• TO DO: Copy out exactly the lines from the one containing "如何通过狗狗便便的情况,自查健康问题? - 知乎" through the end of the records, and no pictures.

• RECORDS PROVIDED:
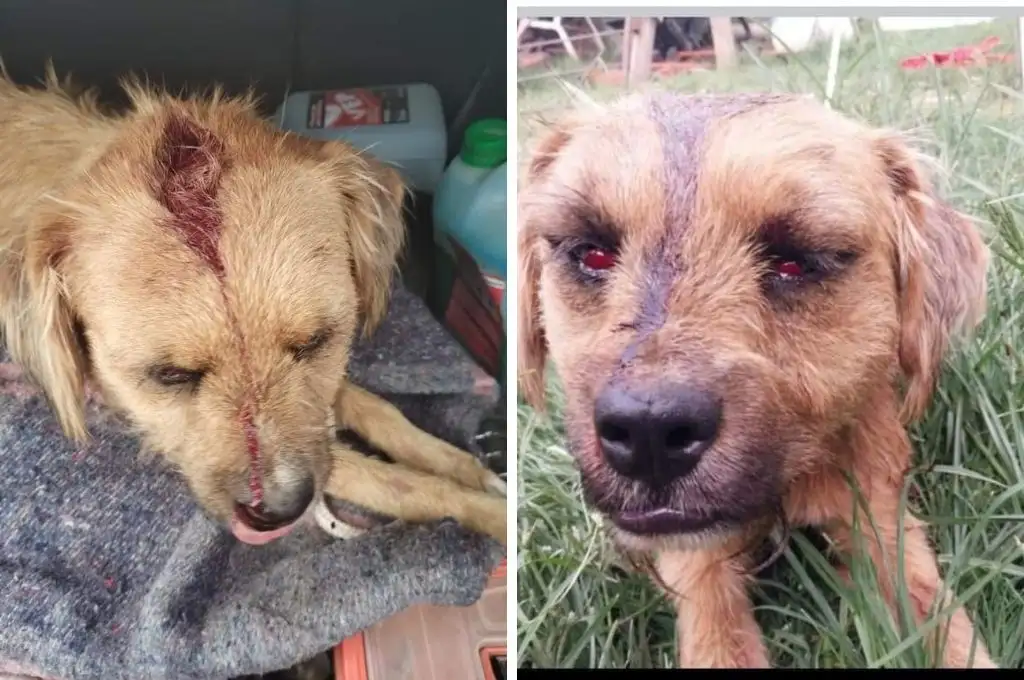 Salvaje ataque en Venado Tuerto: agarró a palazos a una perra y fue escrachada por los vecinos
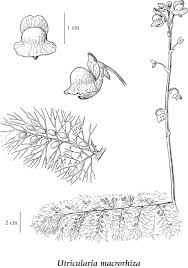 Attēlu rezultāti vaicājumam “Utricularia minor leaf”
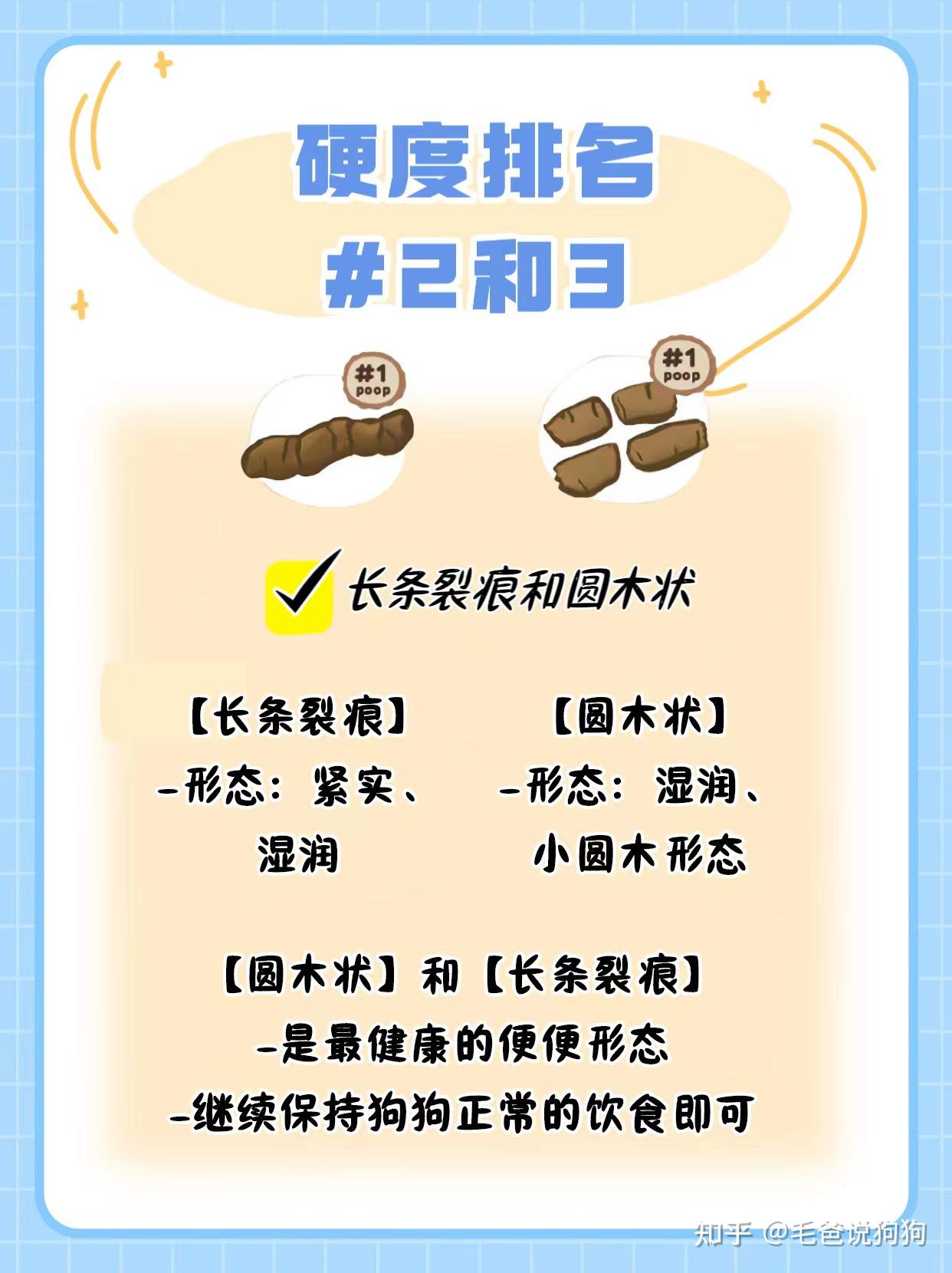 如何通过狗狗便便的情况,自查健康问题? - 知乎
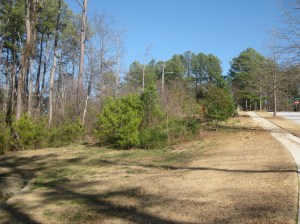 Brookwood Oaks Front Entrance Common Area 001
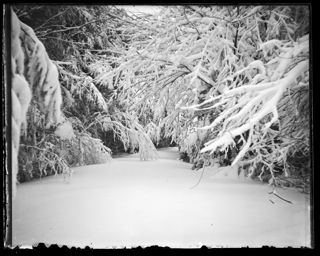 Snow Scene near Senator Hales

• SOLUTION BELOW:
 如何通过狗狗便便的情况,自查健康问题? - 知乎
 Brookwood Oaks Front Entrance Common Area 001
 Snow Scene near Senator Hales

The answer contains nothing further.